On notera que les offres doivent aussi répondre à toute une série d’exigences spécifiques au portefeuille régional tant d’un point de vue stratégique qu’opérationnel : ratio de liquidités, pondération des formats, lissage du plan d’amortissement, correspondance éventuelle à un produit dérivé etc.

Comme l’a déjà mentionné le ministre wallon du budget dans l’article de l’écho une re-fédéralisation de la gestion de la dette entrainerait aussi une augmentation du coût de financement du fédéral. En effet si le fédéral emprunte pour les entités fédérées, les marchés financiers vont naturellement adapter leur prix. Le gain pour l’ensemble des entités fédérées et pour le fédéral pris ensemble serait en réalité limité.

De plus la mutualisation des coûts de financements profiterait principalement aux entités avec le profil de risque le plus élevé, ce qui est contraire au principe de responsabilisation budgétaire (comme l’a déjà aussi cité le ministre wallon du budget). Le fait pour les entités de se financer elles-mêmes sur les marchés les responsabilise sur leur gestion budgétaire et financière car elles doivent convaincre les marchés financiers.


- En terme juridique:

Article 49 de loi spéciale de financement prévoit que les Communautés et les Régions sont autonomes dans le financement. Elles ont donc toute liberté pour organiser leur financement selon leurs besoins.

La structure fédérale belge n’impose donc rien aux entités fédérées que ce soit en termes de financement propres ou via le fédéral.

Compte tenu des éléments ci-dessus et du fait que nous n'avions pas connaissance d'une étude, la question n'a pas été abordée lors d'une récente réunion du comité de concertation ou de la conférence interministérielle ad hoc. 

Au niveau de la Région de Bruxelles-Capitale nous avons le FRBRTC (Fonds Régional Bruxellois de Refinancement des Trésoreries Communales) qui est un outil dédié à l’aide aux financements des entités locales en RBC. Cet outil bénéficie de la garantie régionale et permet aux entités locales - qui en font la demande - de se financer à de meilleures conditions que par elles-mêmes.

Tout comme pour la question précédente (financement des entités fédérées par le Fédéral), la proposition du financement direct des communes bruxelloises par la RBC porte atteinte à l’autonomie communale.

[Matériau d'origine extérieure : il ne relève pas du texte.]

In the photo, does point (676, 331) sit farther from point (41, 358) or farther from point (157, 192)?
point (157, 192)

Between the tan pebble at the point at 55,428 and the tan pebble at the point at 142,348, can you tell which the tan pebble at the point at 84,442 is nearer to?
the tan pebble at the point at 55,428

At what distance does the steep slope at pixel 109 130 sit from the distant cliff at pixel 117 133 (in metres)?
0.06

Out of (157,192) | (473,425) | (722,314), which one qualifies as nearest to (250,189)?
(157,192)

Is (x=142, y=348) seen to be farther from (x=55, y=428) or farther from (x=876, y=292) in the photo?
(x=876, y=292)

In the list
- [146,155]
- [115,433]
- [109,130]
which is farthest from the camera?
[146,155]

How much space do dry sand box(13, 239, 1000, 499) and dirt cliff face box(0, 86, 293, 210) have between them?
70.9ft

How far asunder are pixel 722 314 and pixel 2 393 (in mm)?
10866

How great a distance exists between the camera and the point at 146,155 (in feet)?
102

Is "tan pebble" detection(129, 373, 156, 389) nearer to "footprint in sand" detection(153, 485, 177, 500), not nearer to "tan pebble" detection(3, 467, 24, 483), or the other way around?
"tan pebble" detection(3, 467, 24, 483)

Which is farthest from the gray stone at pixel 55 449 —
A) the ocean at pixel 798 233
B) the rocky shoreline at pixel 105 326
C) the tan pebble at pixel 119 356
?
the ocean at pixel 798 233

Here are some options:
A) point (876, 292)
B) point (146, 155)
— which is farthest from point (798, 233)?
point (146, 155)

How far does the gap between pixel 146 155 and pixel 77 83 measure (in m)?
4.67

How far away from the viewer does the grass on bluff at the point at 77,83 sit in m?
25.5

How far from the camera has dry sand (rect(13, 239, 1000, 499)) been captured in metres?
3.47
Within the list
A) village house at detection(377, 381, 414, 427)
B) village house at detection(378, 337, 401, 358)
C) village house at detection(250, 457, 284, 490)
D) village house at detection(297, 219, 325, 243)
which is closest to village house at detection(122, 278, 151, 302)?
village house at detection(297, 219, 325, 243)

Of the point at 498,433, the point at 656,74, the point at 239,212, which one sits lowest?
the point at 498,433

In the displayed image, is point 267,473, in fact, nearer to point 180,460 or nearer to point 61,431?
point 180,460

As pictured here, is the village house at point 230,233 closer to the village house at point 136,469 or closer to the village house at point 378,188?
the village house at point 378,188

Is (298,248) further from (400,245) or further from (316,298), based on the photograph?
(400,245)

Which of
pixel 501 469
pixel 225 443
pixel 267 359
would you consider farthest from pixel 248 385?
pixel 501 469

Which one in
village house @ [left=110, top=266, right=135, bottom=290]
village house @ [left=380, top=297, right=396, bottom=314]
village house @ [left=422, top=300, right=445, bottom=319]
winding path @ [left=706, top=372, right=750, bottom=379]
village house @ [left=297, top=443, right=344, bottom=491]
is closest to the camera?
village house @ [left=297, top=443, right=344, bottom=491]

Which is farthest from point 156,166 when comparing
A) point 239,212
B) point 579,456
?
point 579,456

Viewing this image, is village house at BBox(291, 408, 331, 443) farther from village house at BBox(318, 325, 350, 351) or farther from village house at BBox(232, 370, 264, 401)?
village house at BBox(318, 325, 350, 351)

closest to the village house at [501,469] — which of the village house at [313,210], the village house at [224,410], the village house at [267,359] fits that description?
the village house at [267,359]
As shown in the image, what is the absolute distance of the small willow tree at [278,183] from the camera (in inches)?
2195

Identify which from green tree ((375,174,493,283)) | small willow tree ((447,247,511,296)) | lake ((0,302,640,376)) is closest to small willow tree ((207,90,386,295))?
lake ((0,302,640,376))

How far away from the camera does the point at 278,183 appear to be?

Cette autonomie allant de pair avec la responsabilisation budgétaire déjà évoquée.

Aussi, comme précédemment exposé, le financement des communes posera la question de l’ampleur de la mutualisation des risques individuels, ce qui impactera directement le profil de risque régional, donc le rating de la région et le niveau de ses marges de financement.
À l'heure actuelle, compte tenu des éléments ci-dessus, nous ne prendrons aucune mesure pour gérer les dettes municipales au niveau régional, ni pour transférer la gestion des dettes régionales au niveau fédéral.